By the late 1990s, enough U.N. member negotiators of CSTB were likely wondering what the United States might do with its dominant superpower almost a decade out from the Gulf War and end of the Soviet Union. In that light, the negotiators’ intent that the language of the CSTB Article 19(2) remain conditional makes sense, and to the credit of the U.S. Executive, leaving it out of Reservations. And while those concerns about the U.S. were based in part on mythic U.S. hegemony, Russian state terrorism and state sponsorship of terror in pursuit of 21st Century imperial ambitions does validate the conditional language view of CSTB Article 19(2) today.

While the United Nations fulfills some important international humanitarian, peacekeeping, and security functions, history indicates that it cannot and does not use the law of war to govern lawless or terroristic behavior by nuclear powers on the U.N. Security Council that can abuse veto power as Russia has and does over majority U.N. resolutions. However, the U.N.’s collective imprimatur on treaties such as the CSTB lend some U.N. legitimacy (strength in numbers) to the individual treaty-members’ rights to self-help law enforcement powers to suppress and prevent terrorist murder and mayhem whether state or non-state. U.N.S.C. members cannot veto treaties.

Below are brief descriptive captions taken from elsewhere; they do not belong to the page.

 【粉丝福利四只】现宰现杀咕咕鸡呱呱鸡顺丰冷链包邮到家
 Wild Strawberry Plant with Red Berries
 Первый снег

We contend therefore that all CSTB parties could bypass the CSTB state military exception in Article 19(2) that did not make the state military forces exception absolute in a “Reservation.” CSTB parties supporting Ukraine who have a jurisdictional angle could get busy cutting off supplies not only to Russia’s aggressing, terroristic forces attacking Ukraine, but also to all nations in a chain of supply for same in a global terrorist bombing suppression strategy.

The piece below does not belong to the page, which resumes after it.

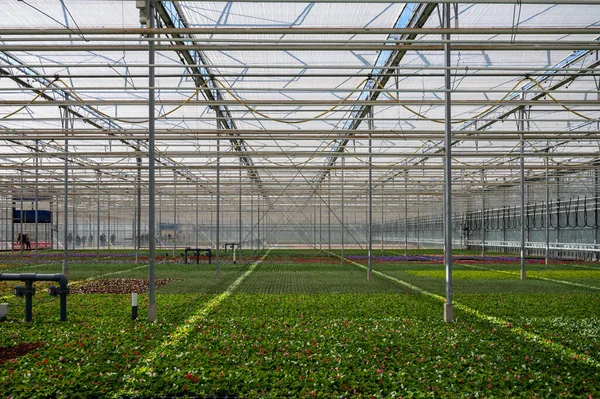 オランダの温室で成長しているさまざまな夏の寝具植物 ベゴニア ペチュニア 若いと開花植物 装飾または観賞用の庭の植物の栽培 — ストック写真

State Sponsorship of Terror and Lawful State Military Action: In addition to the above, a separate Senate question and answer on the same issue of state military exemption from the CSTB noted that Article 2’s penal provision says that “any person commits an offense if that person unlawfully and intentionally delivers, places, discharges or detonates an explosive or other lethal device..” focusing on the implications of the term “unlawfully”:

“Am I correct in my understanding that the term “unlawfully” is
not meant to exempt state-sponsored terrorism? What then, is the
meaning of the term?

Answer. The word “unlawfully” in Article 2 of each of these
Conventions is not meant to exempt state-sponsored terrorism. It is a
term used in many international conventions, including the prior
counterterrorism conventions, to make clear that States are not
required to criminalize conduct which under common principles of
criminal law is not considered unlawful (e.g., properly authorized use
of force by its own police forces or conduct permitted as self-
defense), even if those actions are otherwise described in the offense.”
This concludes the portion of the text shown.